One month ago, heavily armed militiamen who support the Islamic State (IS) militant group walked into the Somali town of Qandala and seized it without opposition. The town on the Red Sea became the first piece of land controlled by pro-IS forces in Somalia.
Qandala emptied out quickly, its several thousand residents fleeing in small groups by car and on foot. But one man tried to stay put, to protect the buildings he considers a treasure: the town's old fish processing plant.
His holdout ended Wednesday, when relatives evacuated Mohamud Yasin Yusuf, known as Justo, by sea, during the nighttime hours.
“They came to find my body because they were told that I was killed," he told VOA's Somali Service. "When they found me alive it was unexpected.”

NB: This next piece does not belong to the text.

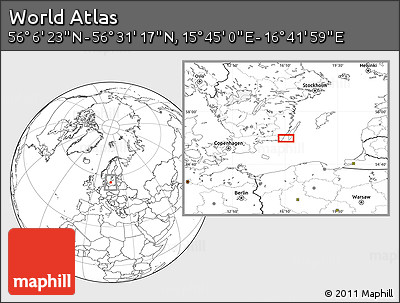 Blank Location Map of the Area around 56° 18' 50" N, 16° 13' 30" E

“I didn’t want to leave the town," added Yusuf, 76. "I never left it for one night.”
He said pro-IS fighters came to the plant, took pictures and asked him about what he does, how he works, and then left. “People are scared of them but they did not cause any problems for me,” he said.
But relatives feared for Yusuf's life. He was the last remaining resident in town, they said, and could get caught up in the fighting if foreign armies or forces from Somalia's Puntland region try to take back Qandala from the clutches of IS.

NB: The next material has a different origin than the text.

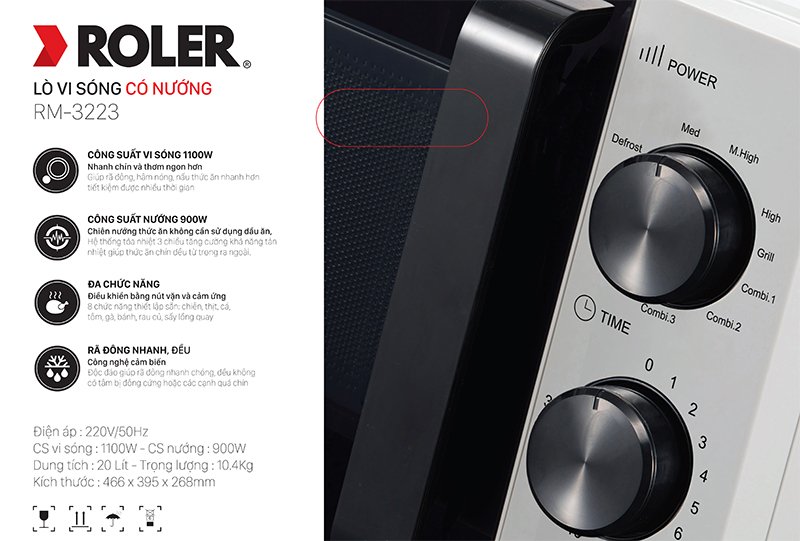 Lò vi sóng có nướng 20L Roler RM-3223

Efforts to recapture the town have not started, and Somali officials believe it will be tough. The town is located between the sea and large mountains where militants have erected defenses. Puntland forces could storm it with a sea landing but holding it will be costly, experts warn.
Yusuf started working at the fish processing factory as a dishwasher in the kitchen in 1950, when he was 10 years old. The plant was then owned by Italian colonists who ruled Somalia. In 1958 he started his first shift in the plant outside the kitchen. From there, he worked his way up until he became the general manager.
The factory continued to operate for two years after the Somali government collapsed in 1991 and the country sank into violence and lawlessness. Yusuf says operations were stopped at that point due to a lack of maintenance and care.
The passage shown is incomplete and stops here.